Казалось бы, это давало основания для разговора о неэффективности Думы. Практика свидетельствовала об обратном. За один день, 13 мая 1911 года, было принято 109 законопроектов и 4 законодательных предположения. На 11 мая 1912 года было назначено к обсуждению 140 докладов. Понятно, что количество утвержденных законопроектов отнюдь не свидетельствует о мастерстве законодателя, зато говорит о другом: о налаженной машине правотворчества.

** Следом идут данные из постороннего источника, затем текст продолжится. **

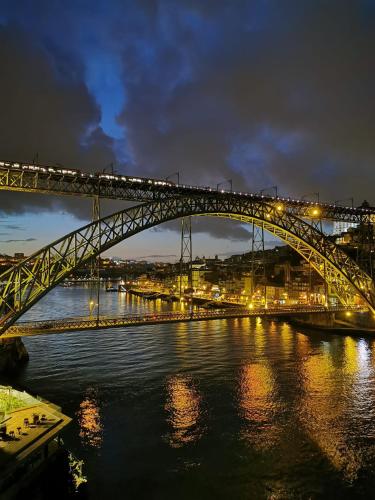 a bridge over a river with a train on it at Bridge It - Suites & Views in Vila Nova de Gaia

Конечно, многое зависело от депутата, от его привычек, стиля работы, отношения к делу. Октябрист И. В. Годнев любил повторять: «Ни у одного члена [Думы] нет такого огромного количества докладов, как у меня». Он удивлялся Клюжеву, который тратил так много сил на подготовку одного доклада. С точки зрения Годнева, это была лишняя трата времени: доклады никто не читал. Он хвастался другим подходом: у него выходило два доклада в три минуты. «Поверьте, чем короче, тем лучше». Годнев тексты не переписывал, не видя никакой необходимости редактировать черновики. Он рассказывал это жене Клюжева, который до поздней ночи трудился над своими докладами. Впрочем, Годнев свою собеседницу не убедил: она знала, что на этого народного избранника трудится вся думская канцелярия. Не он писал доклады, он только их зачитывал с думской кафедры.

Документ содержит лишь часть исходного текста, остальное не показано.